Movie Review: ‘Girl With the Dragon Tattoo’ true to novel’s complex characters


Posted May 24, 2010 by Dennis King Comment on this article Leave a comment
Noomi Rapace
Noomi Rapace

The late Swedish author Steig Larsson’s blockbuster Millennium Trilogy of bleak crime novels gets its initial, bracing cinematic treatment in “The Girl With the Dragon Tattoo,” a chilly film that deftly condenses the sprawling exposition of the first book into a taut, violent, troubling and deeply compelling experience.

Drawn from the novel whose original Swedish title translates as “Men Who Hate Women,” this adaptation is densely plotted and slightly overlong and packs in enough serial murder, S&M depravity, stark nudity, cold-blooded brutality, rape and mutilation to scare away the overly sensitive and merely curious.

But hardcore fans of Larsson’s sharply intelligent writing and his gloomy Scandinavian aesthetic will be rewarded with a film that’s scrupulously faithful to the author’s characters and to his scathing social commentary.

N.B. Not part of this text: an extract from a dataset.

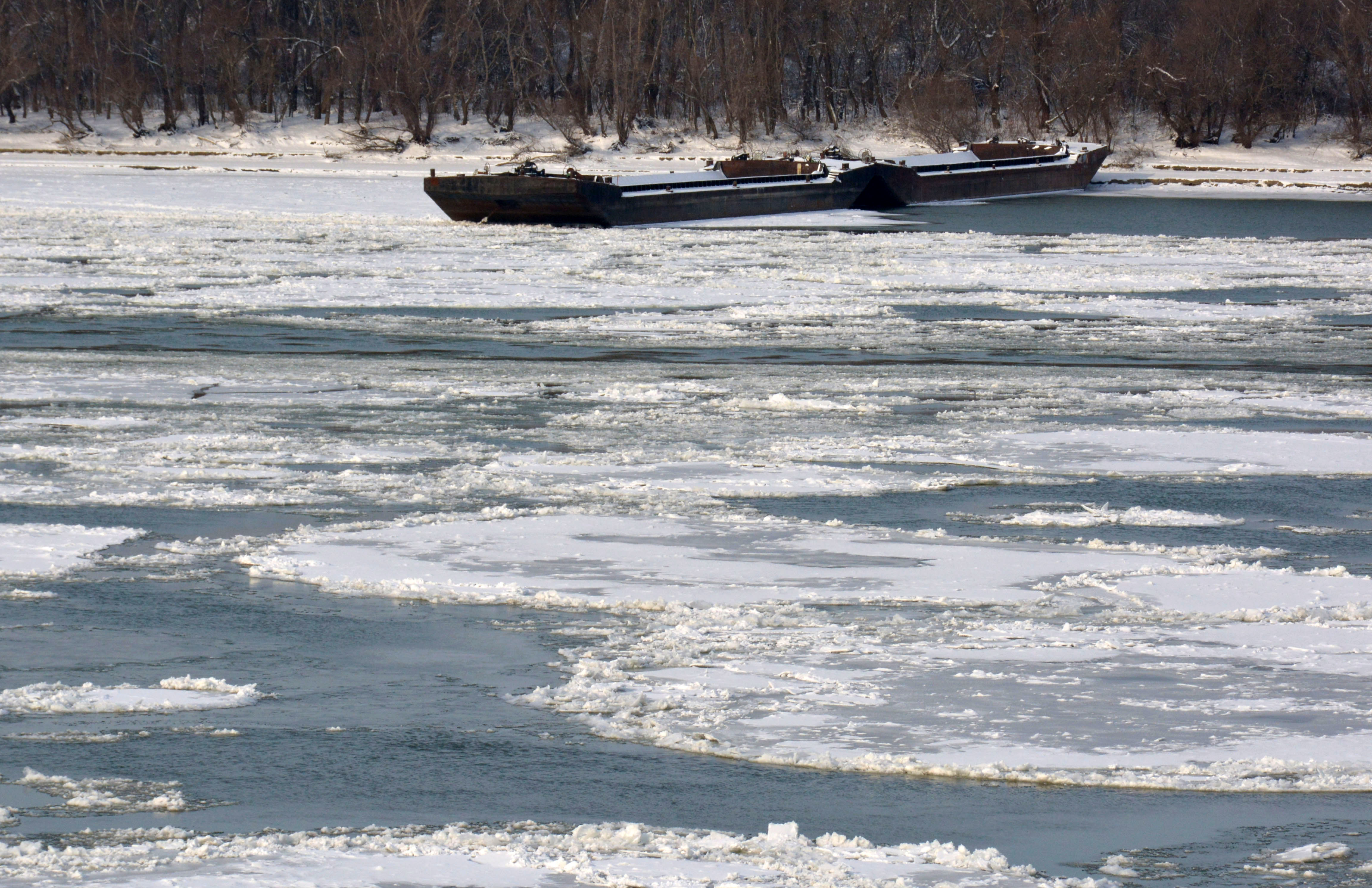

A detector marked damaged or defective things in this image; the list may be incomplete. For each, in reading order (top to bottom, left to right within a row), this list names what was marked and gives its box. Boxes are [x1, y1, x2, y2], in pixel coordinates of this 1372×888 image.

“The Girl With the Dragon Tattoo” (in Swedish with subtitles) introduces us to the mismatched pair of crime solvers that propel Larsson’s three novels – his Nordic, anti-Nick and Nora Charles, if you will.

They are crusading journalist Mikael Blomkvist (Michael Nyqvist), a world-weary knight errant recently convicted of slander for an investigative piece gone askew, and Lisbeth Salander (a wondrous Noomi Rapace), a 20-something goth hellion with a genius for computer hacking and an utter disdain for social graces.

The duo become reluctant allies when Blomkvist, awaiting his prison term, is hired by elderly tycoon Henrik Vanger (Sven-Bertil Taube) to look into the disappearance, and presumed murder, of his beloved teenage niece at a family gathering 40 years earlier. The pierced and surly Salander, working for a private security firm, is first hired to vet Blomkvist for the job but soon finds herself aiding in his sleuthing efforts.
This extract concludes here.